A bare 53 percent majority of all Americans are “hopeful” about their lives in 2013; 44 percent say they are instead more “fearful.” Their assessments of what’s in store for the world are even more grim: A record low 40 percent report being hopeful about next year, with 56 percent saying they are more fearful.

Those personally hopeful numbers are down sharply from four years ago, when 63 percent said as much after President Obama’s historic first election. The trend is even more striking compared with expectations for 2007, before the national economic bubble burst. In December 2006, nearly three-quarters were more hopeful than fearful.

Perceptions of a lingering recession, a weak economic recovery and fears that the nation will fall off the “fiscal cliff” underpin these sagging expectations. More than three-quarters think the economy is still in a recession, despite positive indicators such as falling unemployment.

The fast-approaching Dec. 31 deadline for Congress and Obama to reach a budget deal is compounding negative perceptions of the coming year. About 45 percent think the president and congressional Republicans probably will not reach an agreement to avoid the fiscal cliff, a set of automatic tax increases and spending cuts. Personal fears about the new year rise to 58 percent among those who think this failure is likely.

Nearly six in 10 are very concerned about the national economy if a budget agreement is not reached soon. Among those with high concern, 53 percent are fearful about the future.
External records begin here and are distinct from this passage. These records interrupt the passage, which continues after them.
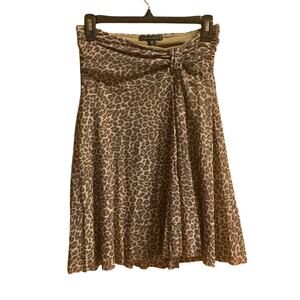 Westonwear Skirt Womens Medium Animal Print w/ Lining, Made in the USA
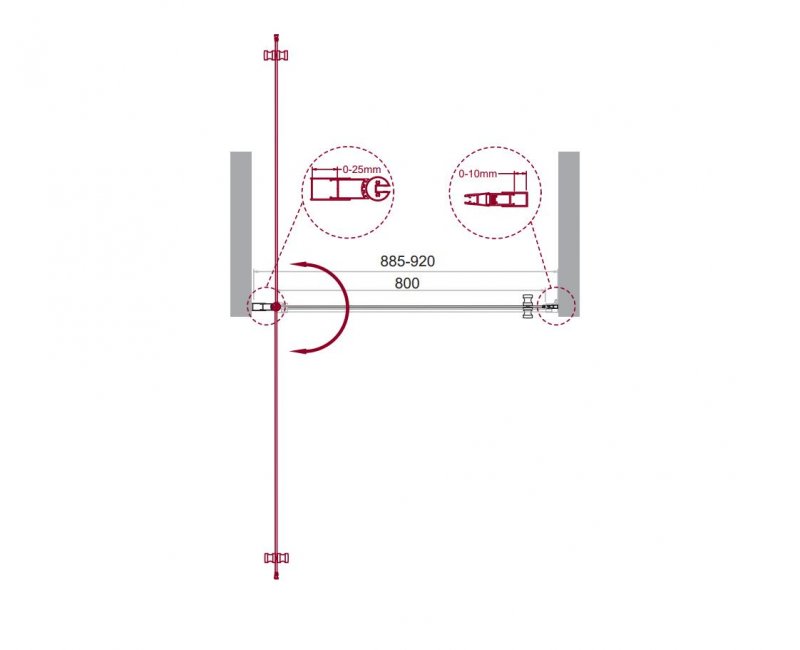 Душевая дверь BelBagno ETNA-B-1-60-C-Cr Душевая дверь BelBagno ETNA-B-1-60-C-Cr
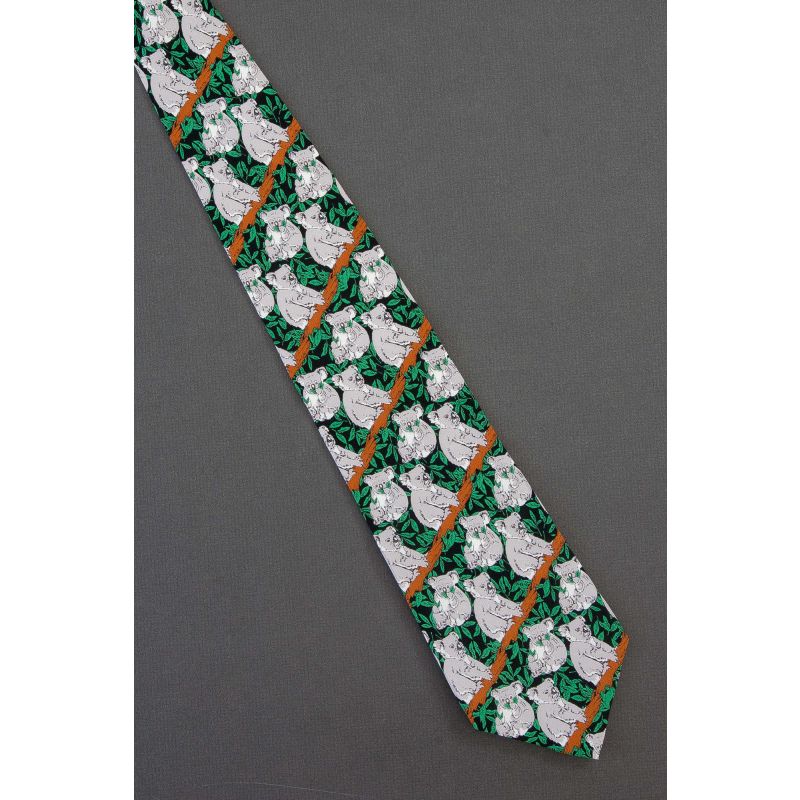 Koala Bears on Branches - Fort Worth Zoo Necktie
Not all the perceptions are slipping. Fully 53 percent say that based on their own experiences, the economy has begun to recover, a sentiment that has crept up steadily from 36 percent in November 2011 to a new high. Still, even among those who see a recovery happening, most say it is weak.

Republicans and Democrats report far different perceptions of the recovery as well as hopes for their lives. More than seven in 10 Democrats say the economy is beginning to recover, but fewer than half as many Republicans see a turnaround.